### EXERCISE DESCRIPTION
Starting at the line that contains "X0000085830503200704091701", please transcribe every line through the end of the entries, exactly and with no pictures.

━━━━━ DATA SUPPLIED

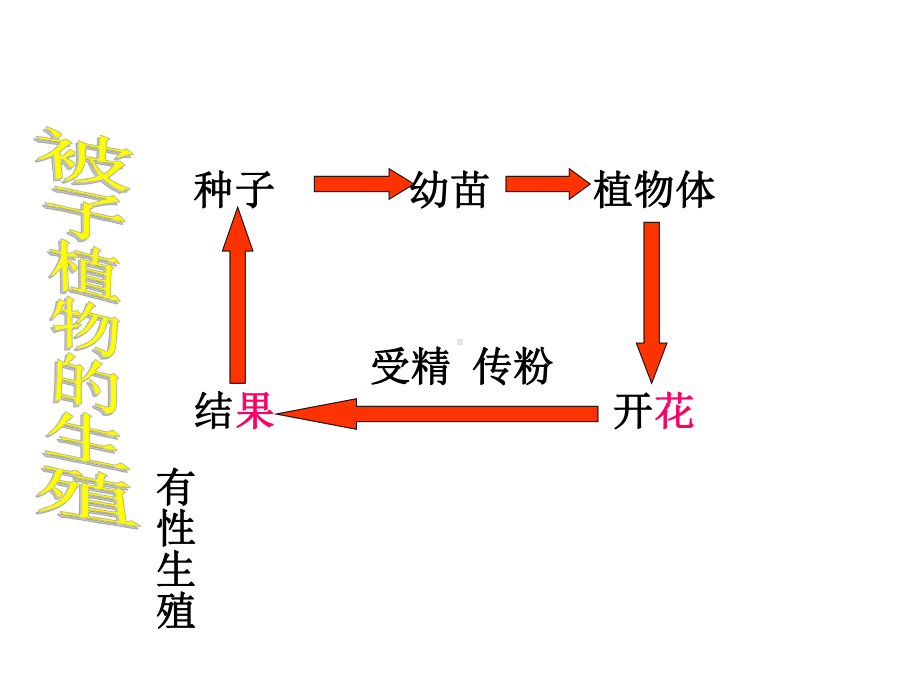 植物生殖方式的多样性2课件.ppt_第1页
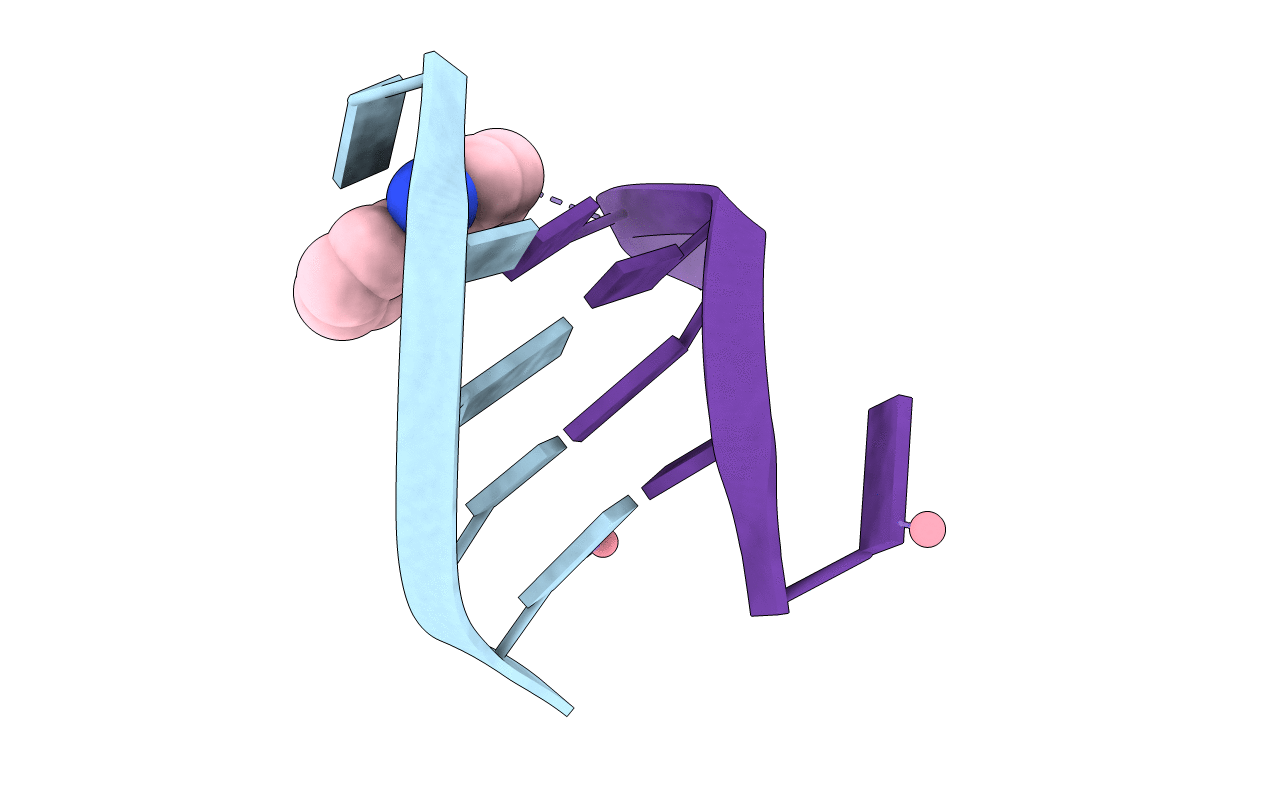 1FN2 image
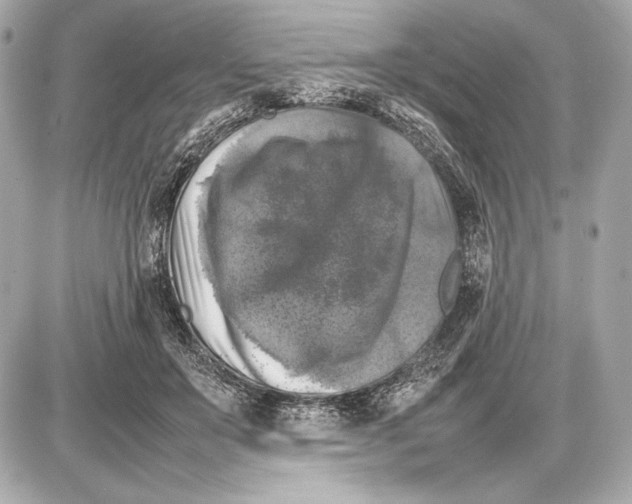 X0000085830503200704091701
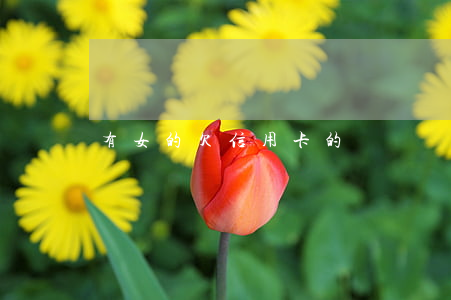 有女的欠信用卡的嗎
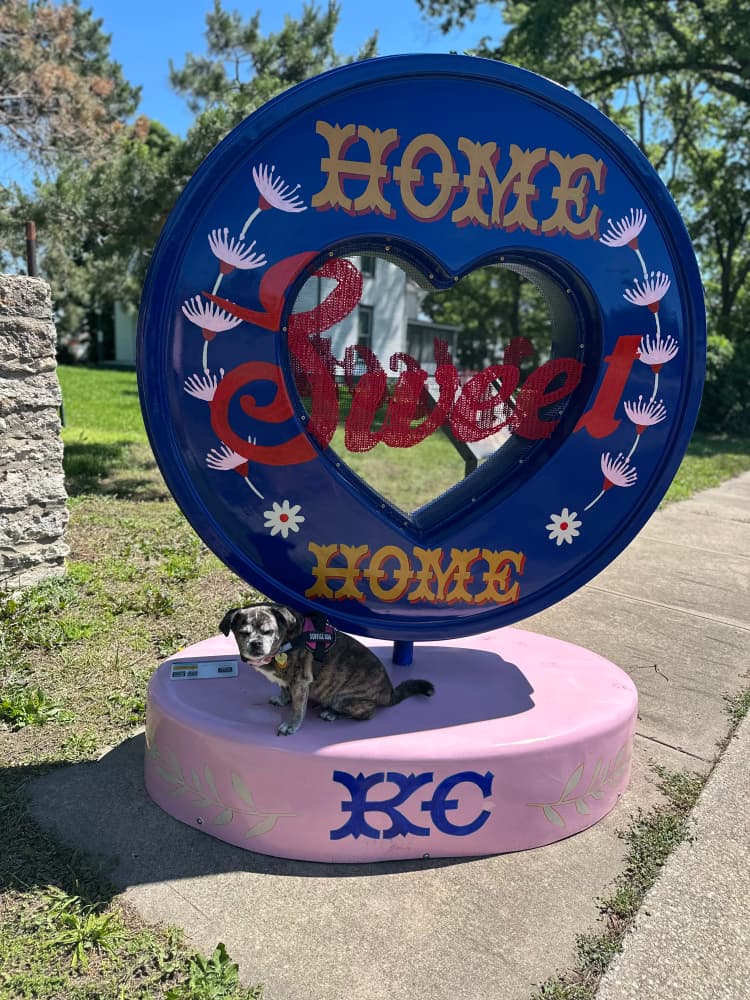 Home Sweet Home, A Cross-Stitched Welcome to Kansas City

━━━━━━━━━━

### RESULT OF THIS TASK
 X0000085830503200704091701
 有女的欠信用卡的嗎
 Home Sweet Home, A Cross-Stitched Welcome to Kansas City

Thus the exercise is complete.